Kepala SPPG MBG Napano Kusambi Bantah Tudingan Pemotongan Gaji dan Pemaksaan Lembur

waktu baca 2 menit
Salim, Kepala SPPG MBG Napano Kusambi.

MUBAR, TRIASPOLITKA. ID – Kepala Satuan Pelayanan Pemenuhan Gizi (SPPG) MBG Napano Kusambi, Salim, membantah tudingan adanya pemotongan gaji karyawan serta pemaksaan relawan untuk bekerja lembur di dapur MBG di Desa Lahaji, Kecamatan Napano Kusambi, Kabupaten Muna Barat, Sulawesi Tenggara.

Sebelumnya, sejumlah pihak menyebut adanya praktik pemotongan gaji dan lembur tanpa bayaran dalam operasional dapur program Makan Bergizi Gratis (MBG).

Salim menegaskan seluruh pembayaran honorarium telah mengikuti ketentuan yang ditetapkan oleh Badan Gizi Nasional melalui Keputusan Kepala BGN Nomor 401.1 Tahun 2025 tentang Petunjuk Teknis Tata Kelola Program MBG Tahun Anggaran 2026, serta SK Nomor 12/BGN/2026 tentang standar honorarium SDM SPPG.

“Pemotongan gaji dan pemaksaan lembur itu tidak benar. Jam kerja relawan sudah diatur per divisi, mulai dari persiapan pukul 16.00, produksi pukul 01.00, pemorsian pukul 04.00, hingga pencucian pukul 11.00,” kata Salim, Sabtu (3/5/2026).

Menurut dia, tidak ada dasar hukum untuk melakukan pemotongan gaji karena seluruh komponen honorarium dan biaya operasional telah diatur secara terpisah dalam regulasi tersebut.

Ia juga menyebut kerja lembur dilakukan secara sukarela dengan tetap mengacu pada ketentuan perundang-undangan, termasuk Undang-Undang Cipta Kerja dan peraturan turunannya terkait batas waktu kerja.

Salim menambahkan, pada periode libur panjang 18–30 Maret 2026, SPPG tidak melakukan distribusi MBG sesuai Surat Edaran Nomor 6 Tahun 2026. Meski demikian, pihaknya tetap memberikan honor kepada relawan di atas standar minimum.

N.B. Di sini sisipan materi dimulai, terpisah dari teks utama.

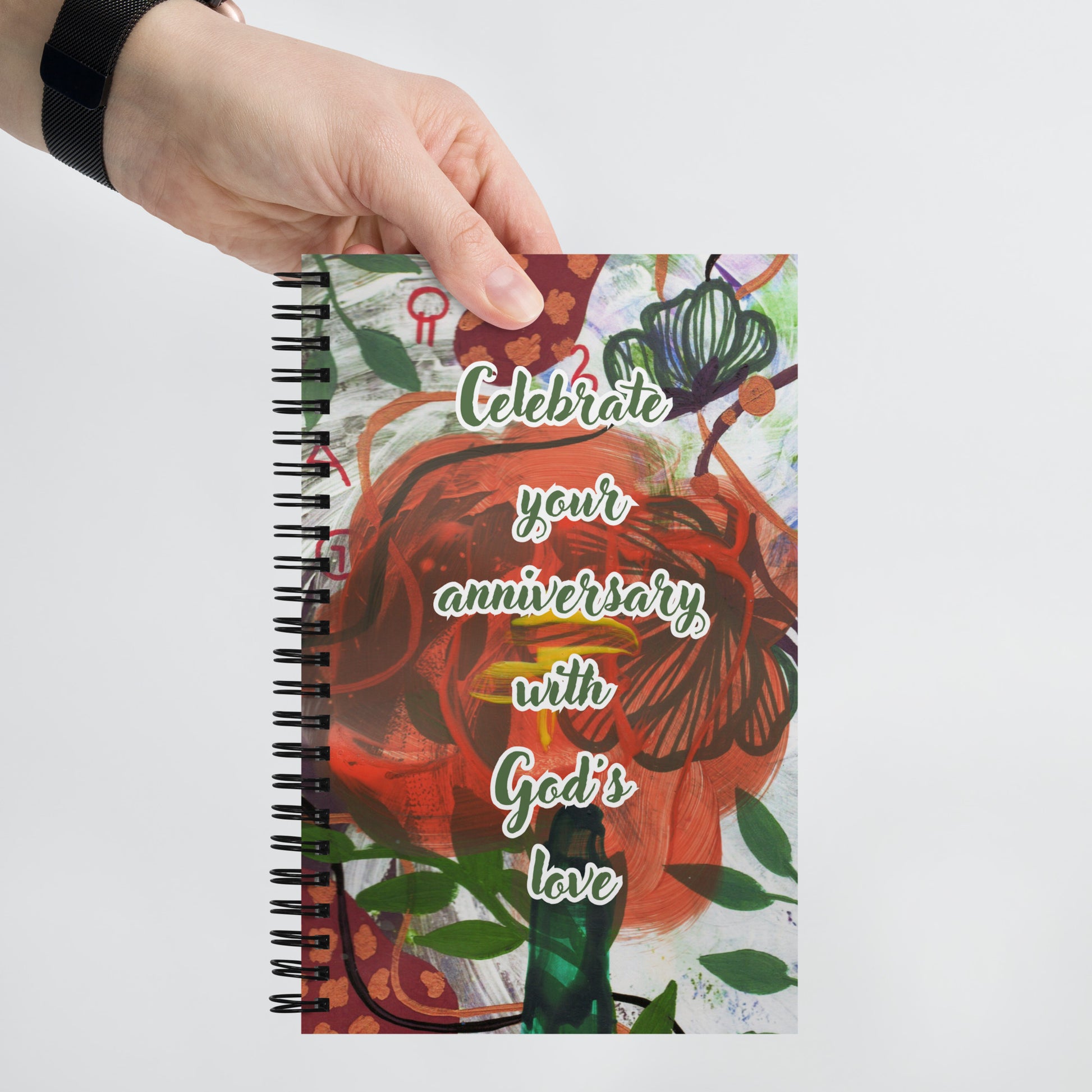 Anniversary Spiral Notebook Design 4 POSTCARD The DEEP Store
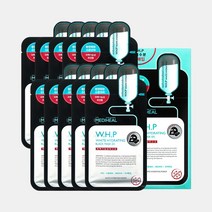 메디힐 WHP 미백수분 블랙 마스크팩 EX, 1매입, 10개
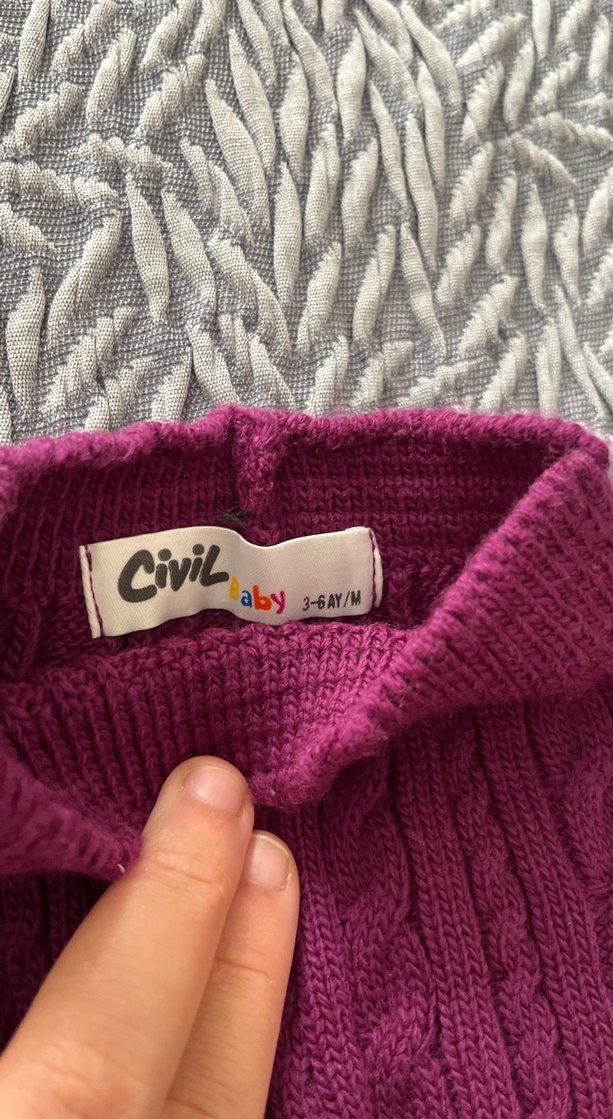 Kız Çocuk Triko Tayt - Pembe - Görsel 2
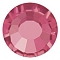 Preciosa&reg Crystal Hotfix Flatback Stones, Czech Crystal, Round(438 11 612 Chaton Rose VIVA 12 &reg), Indian Pink, SS10(2.7~2.9mm)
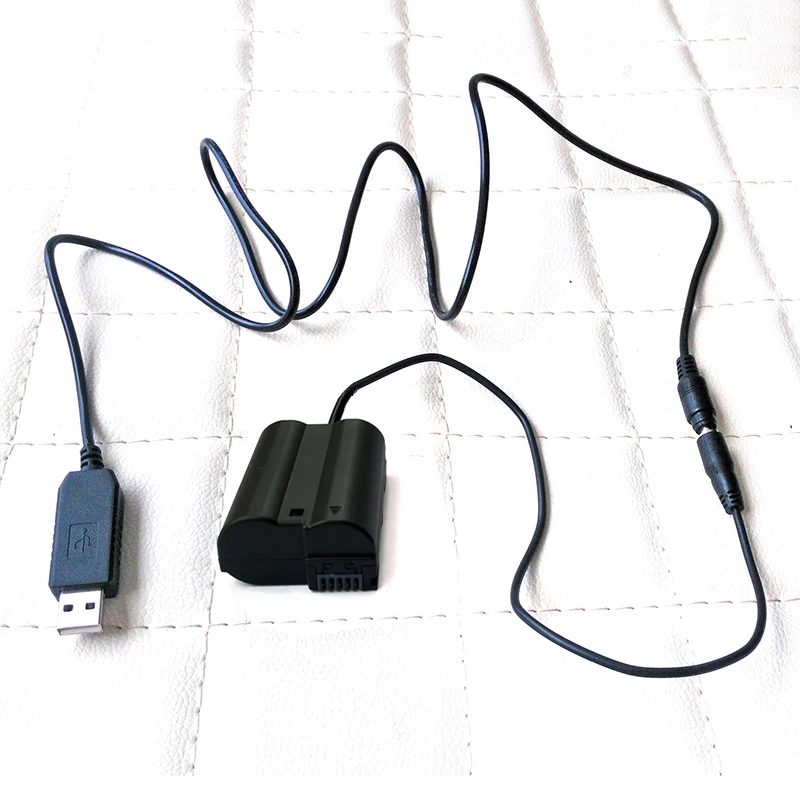 USB + искусственная батарея для фотоаппарата Nikon Z6 Z7 беззеркальная D850 D810 D750 D610 D7500
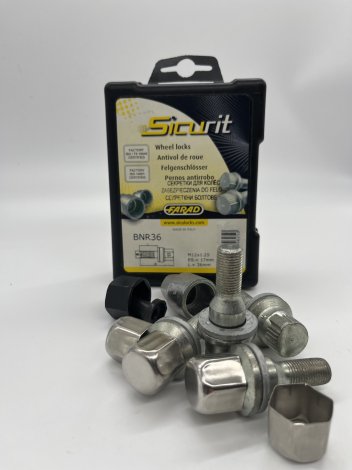 Секретки для оригинальных литых дисков Farad Sicurit BNR36 для Peugeot 207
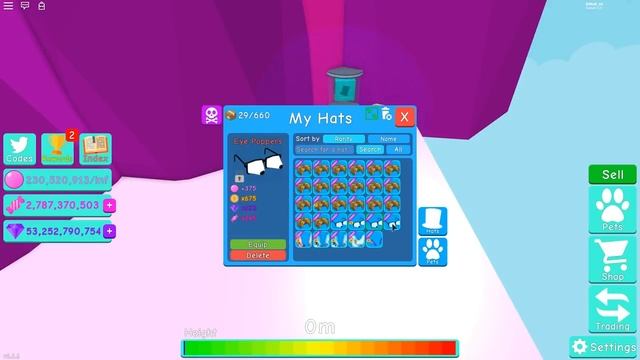 ШЛЯПЫ СИМУЛЯТОР ЖВАЧКИ РОБЛОКС ОБНОВЛЕНИЕ 10! HATS BUBBLE GUM SIMULATOR ROBLOX смотреть онлайн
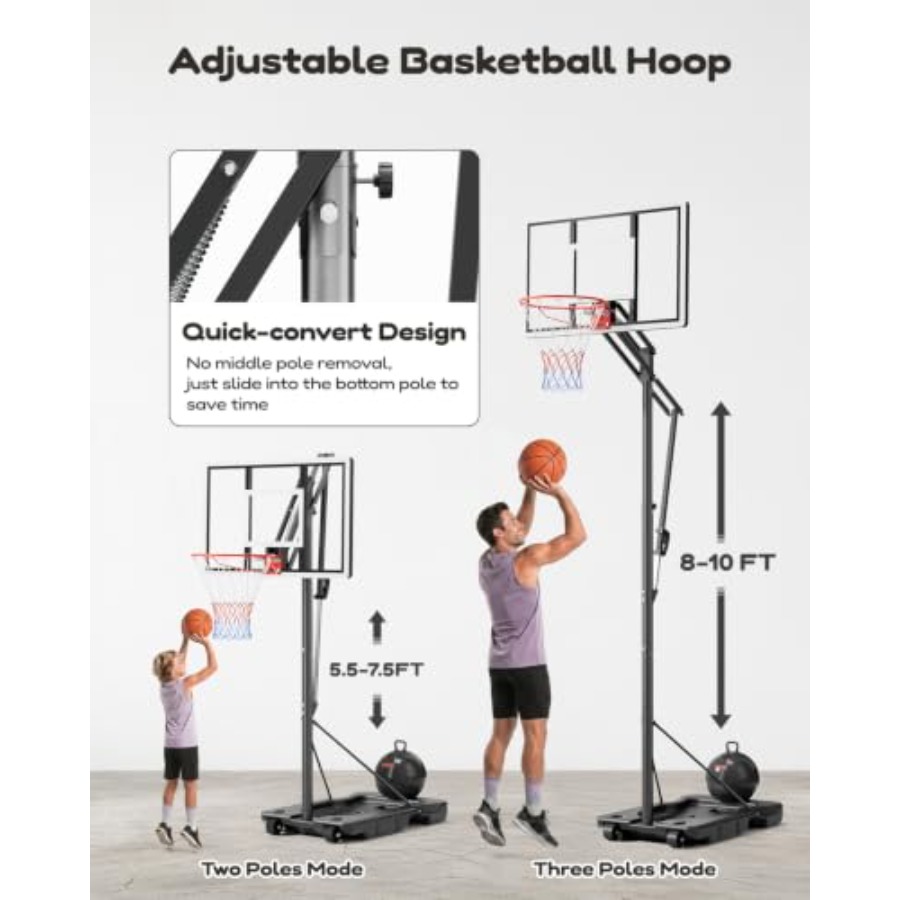 Canasta de baloncesto para ext - Basketball Hoop Outdoor reseña y precio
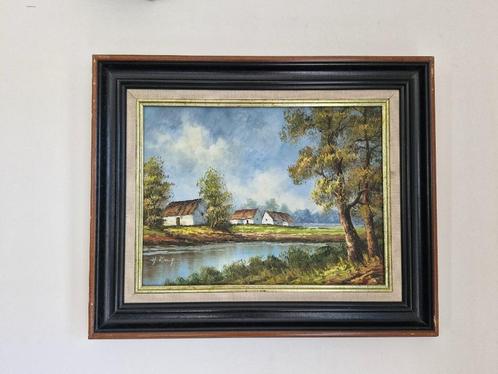 Schilderij Henner Knauf - olieverf - landschap, Antiek en Kunst, Kunst | Schilderijen | Klassiek, Ophalen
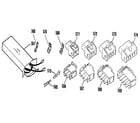 Kenmore 9119871192 wire harnesses and components diagram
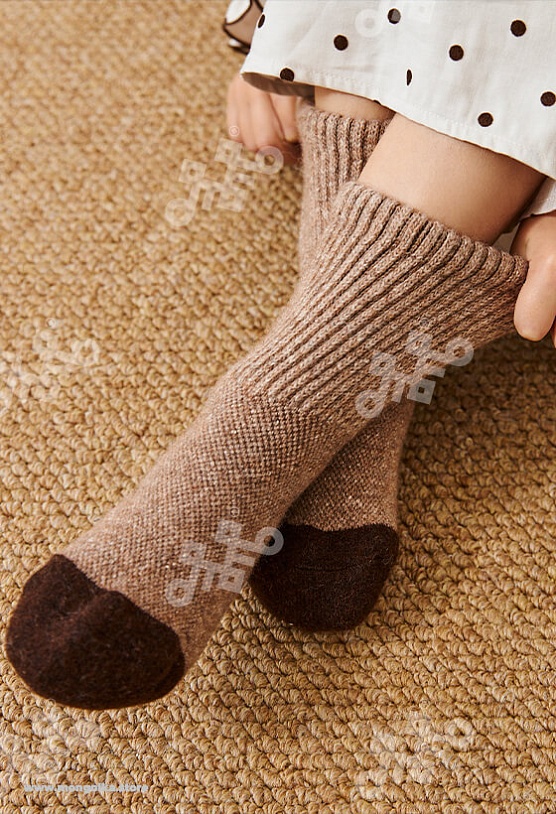Носки детские из монгольской шерсти         (арт. 02170)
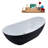 62.2'' x 28.3'' Freestanding Soaking Acrylic Bathtub-97552435
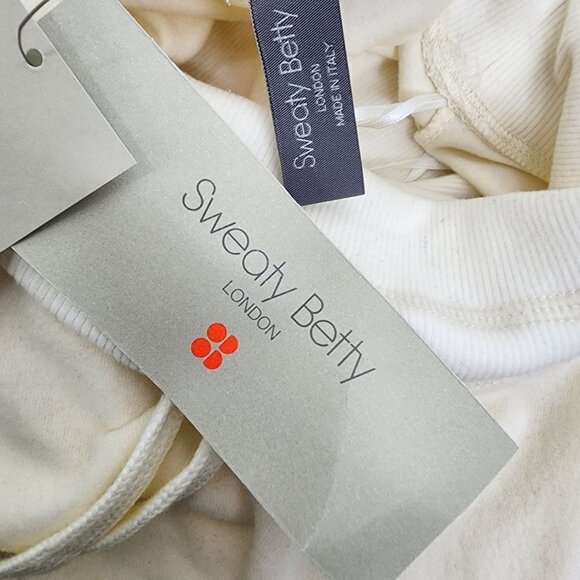 NWT Sweaty Betty Harmonise‎ Luxe Fleece White Pullover Sweatshirt Size XXL - Picture 6 of 12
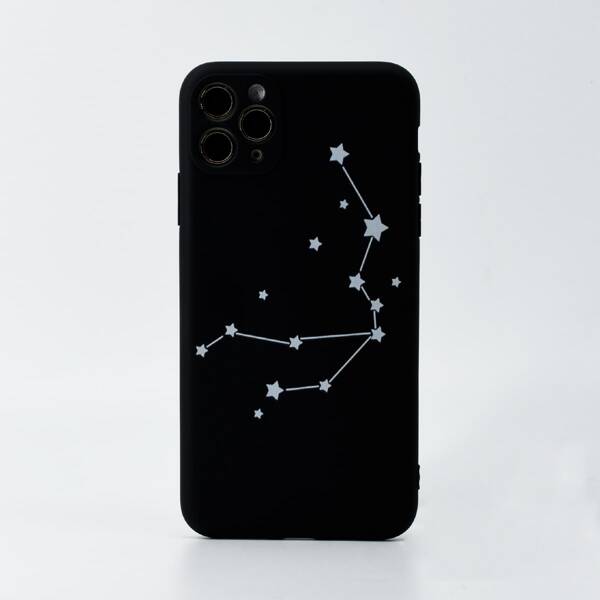 

Aquarius Phone Case, Black and white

“Dalam kondisi tidak ada distribusi, seharusnya honor minimum Rp100 ribu. Namun saat itu kami tetap memberikan Rp120 ribu hingga Rp125 ribu,” ujarnya.

Terkait tudingan penyalahgunaan wewenang dan pelanggaran keterbukaan informasi publik, Salim menegaskan pihaknya terbuka terhadap proses klarifikasi maupun audit.

“SPPG Napano Kusambi selalu terbuka untuk klarifikasi dengan pihak mana pun, termasuk media dan instansi pengawas, selama berdasarkan data yang akurat,” katanya.

Ia menyatakan siap bekerja sama dengan BGN maupun pihak terkait apabila dilakukan audit atau verifikasi terhadap pengelolaan keuangan dan kepegawaian.

Program MBG yang didanai APBN bertujuan meningkatkan gizi dan mencegah stunting pada anak. Namun, sejumlah isu terkait pengelolaan program, termasuk di tingkat dapur, dinilai memerlukan pengawasan lebih ketat dari otoritas terkait.

Salim berharap setiap informasi yang beredar dapat berbasis fakta yang terverifikasi.

“Harapannya, pemberitaan dibangun atas data yang valid, bukan narasi sepihak,” ujarnya.